There’s something about the perspective of dogs that fascinate many readers. Many stories with dog narrators are certainly heartwarming treats, testaments to the unconditional love and devotion dogs have towards their owners. Bernadette Griffin’s Canine Confessions is no exception. Daisy is a lovely and endearing narrator, a posh cocker spaniel who thinks that with her blood and her beauty, she should have been named after Queen Elizabeth or Helen of Troy rather than Blondie and Dagwood Bumstead’s far more common pet dog. She lives with Monique and her husband Harry and children Matthew, Mark and Kathleen, and while she is ostensibly Matthew and Mark’s dog, she bonds the most with Monique, who takes care of her.
Unlike some other books with dog narrator, such as Garth Stein’s Art of Racing in the Rain and W. Bruce Cameron’s A Dog’s Journey, Canine Confessions appears to be more about Monique and her family, and Daisy’s observations of their story, rather than about Daisy herself.

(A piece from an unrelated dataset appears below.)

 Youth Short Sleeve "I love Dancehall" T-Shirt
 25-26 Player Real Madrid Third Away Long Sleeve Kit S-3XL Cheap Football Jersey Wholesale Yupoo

Monique is a captivating character — a feminist in 1970s Montreal who doesn’t enjoy sex and fears her husband is cheating on her. Through Daisy’s eyes, we see Monique’s emotional journey, and like Daisy, we want her to find happiness. Monique’s son Mark is also a mysterious, complex figure — clearly troubled and with a drinking problem. There’s a lot going on with this family, a lot of emotions they keep hidden from each other, but that eventually come to light, and through Daisy’s eyes, we see a lot of it unfold as the human characters cannot.
As a narrator, Daisy is a delight. Her standard dignified, almost snooty tone contrasts with her sheer exuberance when she (temporarily) escapes Monique’s house. I love her desire for freedom, and her awareness that the captivity of her species is rather unjustly seen by society as normal. She yearns for her species’ past, partly for the freedom, but more for the dignity that freedom afforded. When she is spayed, the moment is heart-wrenching — we recall an earlier chapter where she longs to meet a male dog, and later, when listening to Monique and Harry’s forced intimacy, she reflects bitterly on her own missed opportunity. Yet she doesn’t take this dissatisfaction out on her owners — her affection for them is genuine, and Monique especially relies on her for comfort.

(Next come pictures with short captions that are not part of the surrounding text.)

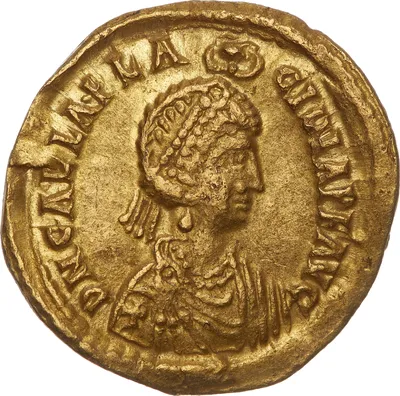  solidus, Östromerska riket, Ravenna, Galla Placidia, 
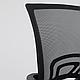 Кресло поворотное RENE, пластик, ткань/сетка, чёрный+сетка-черная, фото 10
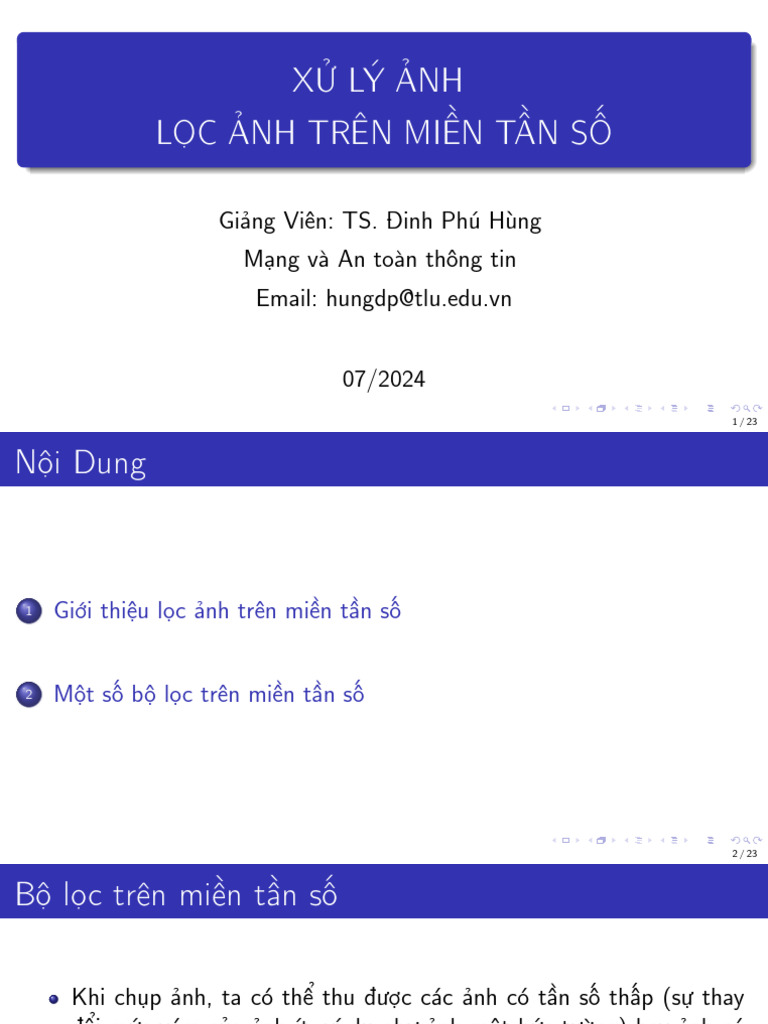 Bai 5 02 Mot So Bo Loc Tren Mien Tan So | PDF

Canine Confessions is an interesting look at a family in 1970s Montreal, from the point of view of their dog. While the dog is the narrator, the focus is much more on the family, with the dog perhaps sounding almost human herself, and part of me wonders how much would be lost if Daisy were not narrating the tale. Still, it’s a lovely, breezy read, with characters to root for, and a lyricism in the language that reflects the author’s musical background.
Thank you to Laskin Publishing for a copy of this book in exchange for an honest review.